# Geometry Nodes: Is it possible to rotate a point?

Is it possible to rotate a point or points in geometry nodes? I mean before using the points to place instances on them? I know how to rotate instances.

But would the animation framerate increase if you rotate points first instead of rotating instances later?

To answer your first question: A point has no size and no rotation. But you can assign any attributes to a point.

Depending on how you use these values in your setup, you can do this with the Capture Attribute or Store Named Attribute nodes, for example.

The basic rule here is: Use Capture Attribute if Store Named Attribute is not absolutely necessary, otherwise you would store additional data in the geometry that is no longer needed in the end and would only fill up the memory.

If you compare both scenarios in the simplest case, there is really no difference in terms of performance.

(Storing the rotation as attributes in the point domain before instantiation)

(Transforming the objects after instantiation)

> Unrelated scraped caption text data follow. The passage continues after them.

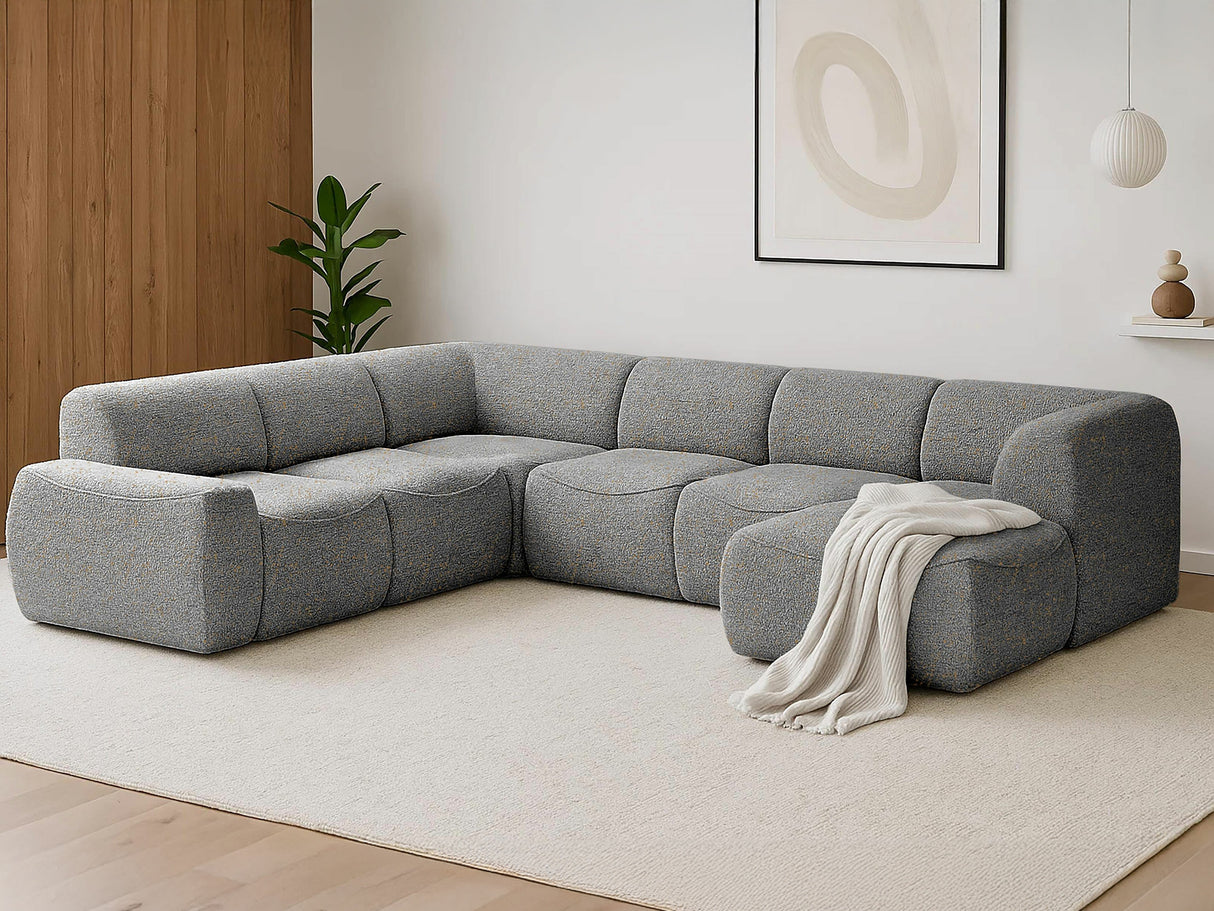 Moduļu stūra dīvāns 613298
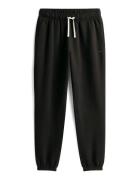Tommy Hilfiger Essential Fleece Sweatpants Svart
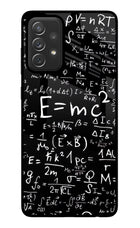 Physics Formula Samsung A72 Glass Case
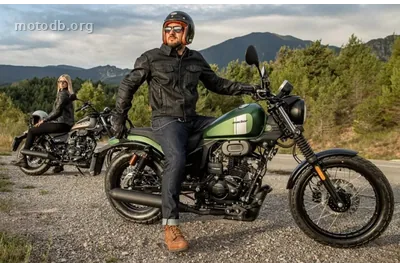 Macbor Rockster Flat 125 EVO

However, it can become significantly more computationally expensive under certain circumstances if, for example, you first instantiate objects at the points, then realize the objects and then rotate the mesh. So it really depends on your setup which approach is more performant.

Therefore, the general rule is: If possible, apply any processing to those parts of your geometry that are structurally decisive for your final result at the beginning and that occupy little memory.

• Thank you. So basically realising geometry and transforming it later increate the calculation rate. Doing it before this steps keeps everything basically faster. Commented Jul 29 at 6:50

There is no built-in attribute for such use case. You just need to store some named rotation on points.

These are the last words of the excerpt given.